Weekly Wire
NewCityNet The Real Wizard

By Dave Chamberlain

MARCH 8, 1999:  He's quite possibly Chicago's best-known music figure this side of Billy Corgan, but he's a lot harder to find. He's also being looked for a lot more. You won't see Jim O'Rourke sitting courtside at a Bulls game, you won't see him behind the bench at a Blackhawks game. In fact, you'd be lucky to see him at all. As the guru of all things production and engineering in the studio, demand for Jim O'Rourke is worldwide.

On the heels of releasing "Eureka" (Drag City), his twelfth solo record and - by his own estimation - at least the 100th that he's played on, O'Rourke is presently in London, working in typical fashion (behind the scenes at the engineering board) to help finish a forthcoming High Llamas record.

The High Llamas record is nothing more than the kick-off to a pointedly busy four quarters of the year.

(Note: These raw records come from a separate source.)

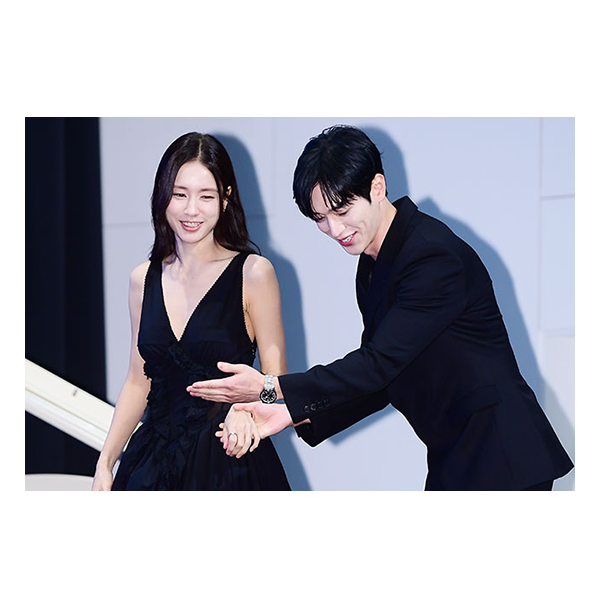 (대리 설렘..) 너말고 다른연애 서강준❤안은진 커플 시밀러룩.jpg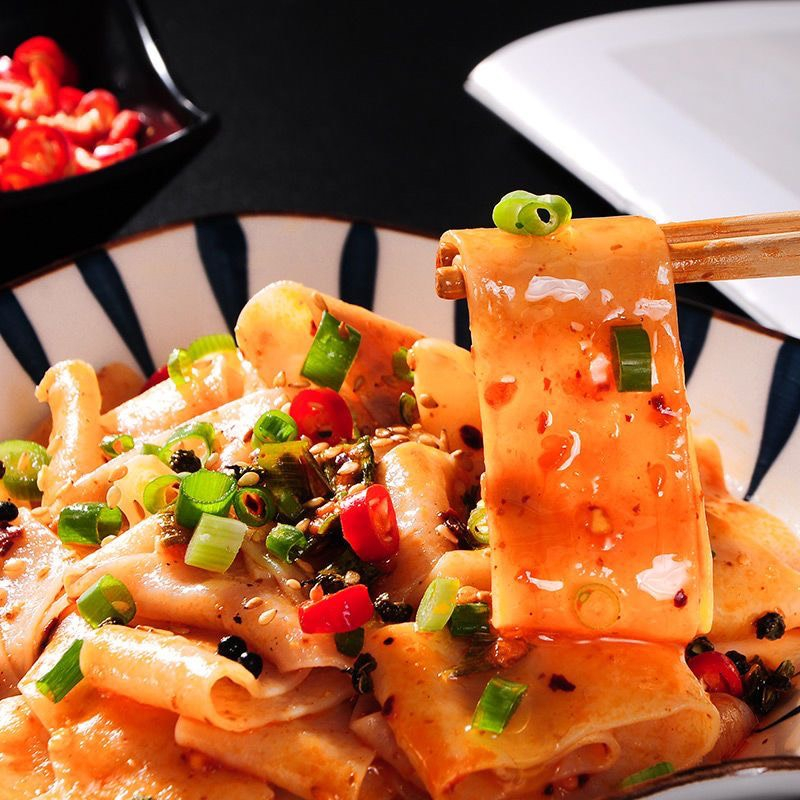 Mì trộn chua cay Tứ Xuyên, mì sợi dẹt trộn chua cay hiệu Cô Đầu Bếp - gói 105g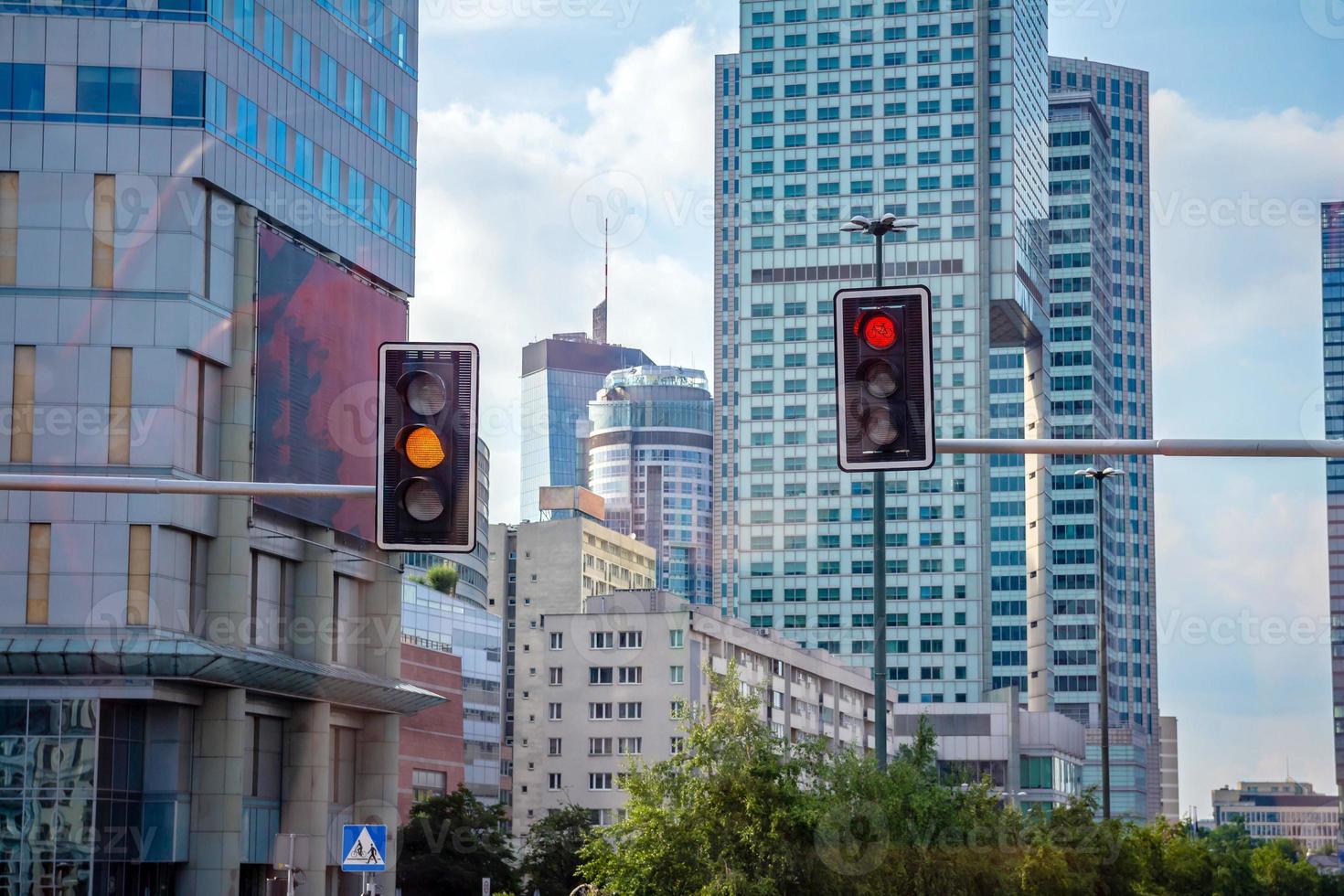 Ampeln für Fahrzeuge und Fahrräder auf der Straße der Stadt Warschau foto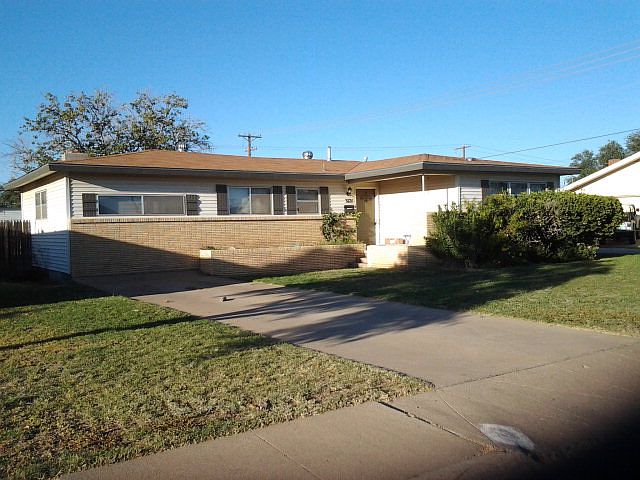 1st image of 3121 Blossom Ln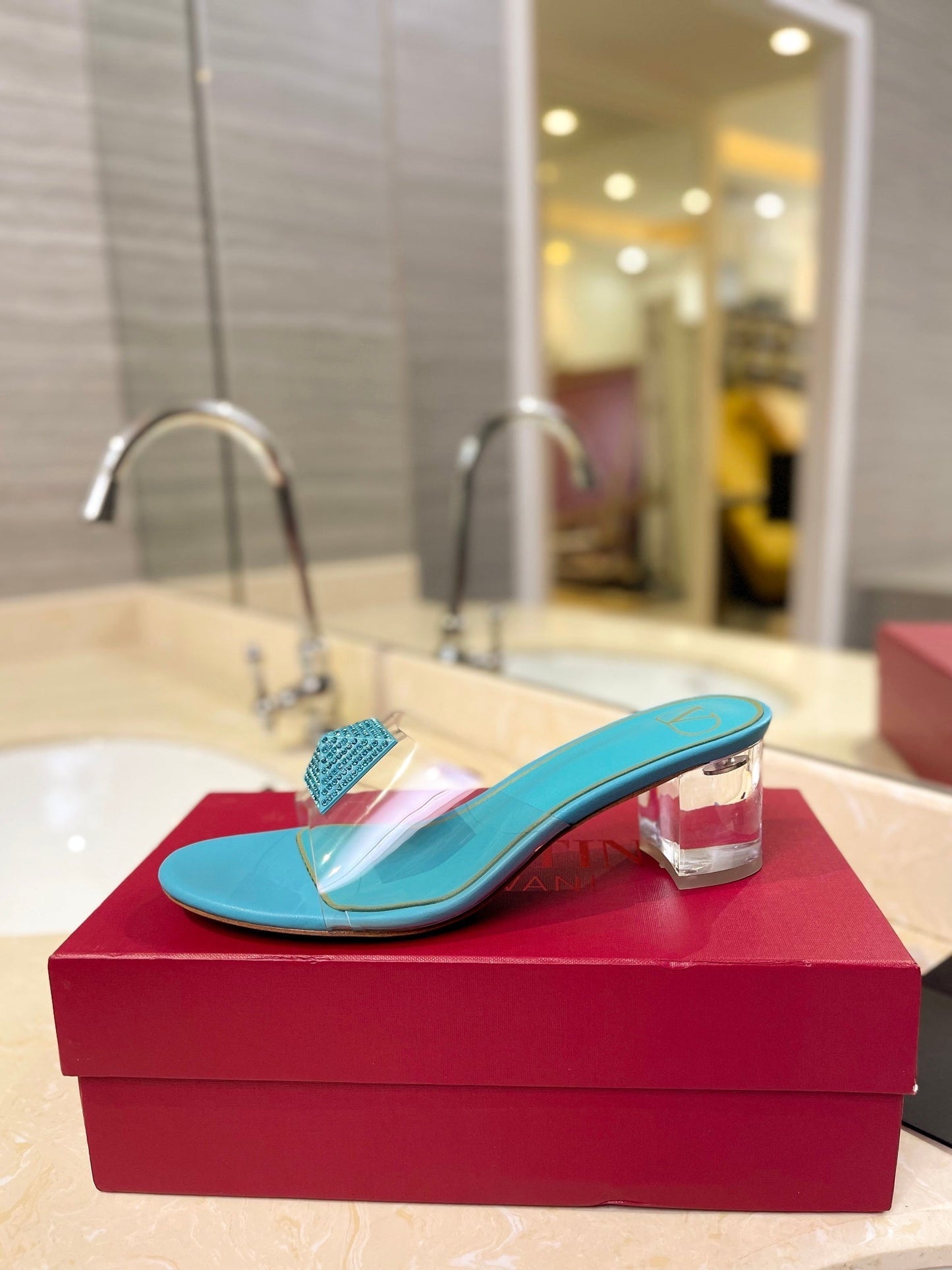 HIGH MULE 60MM IN AQUA BLUE SHEEPSKIN AND TRANSPARENT PVC - 35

After finishing with that, O'Rourke will come back to Chicago to help record the next Superchunk album. Then it's off to New York to play on - for the second straight time - the next Sonic Youth effort. Then back to Chicago again to produce the third Aluminum Group record. Touch and Go recording artist Storm and Stress' next record is also on the docket. "When I'm not working," says O'Rourke from he London studio. "I'm not comfortable."

The 30-year-old Chicago native speaks pleasantly and adroitly on the telephone. I'm reminded of when Scratchie recording artists Fondly spoke of O'Rourke, stressing that no producer or engineer had ever put them so at ease in the studio.

O'Rourke has been working behind the scenes on records since his college days in DePaul. "I don't even like to admit that I went to school for music," he laughs. "It didn't really help. I took it seriously for about a semester. Most of the time I spent in this pathetic thing they call a studio. The rest of college I just finished to make my parents happy."

He's been recording and producing records so long, he needs a second to think about the first thing he recorded. ("In the late eighties I was recording for Table, remember them?" He pauses. "Wait a minute. I don't even know if that was ever released.") As far as he remembers, the first thing he recorded that was released was Faust's first record. ("Good place to start, huh?" he offers playfully.)

How does he feel about the recent spike in interest from well-known bands? "It's not a lot different. I've spent so much time recording demos and crap like that, but I've been doing it for a really long time. It's just been that recently, people whose records are bought by a lot of people have been asking me to do it."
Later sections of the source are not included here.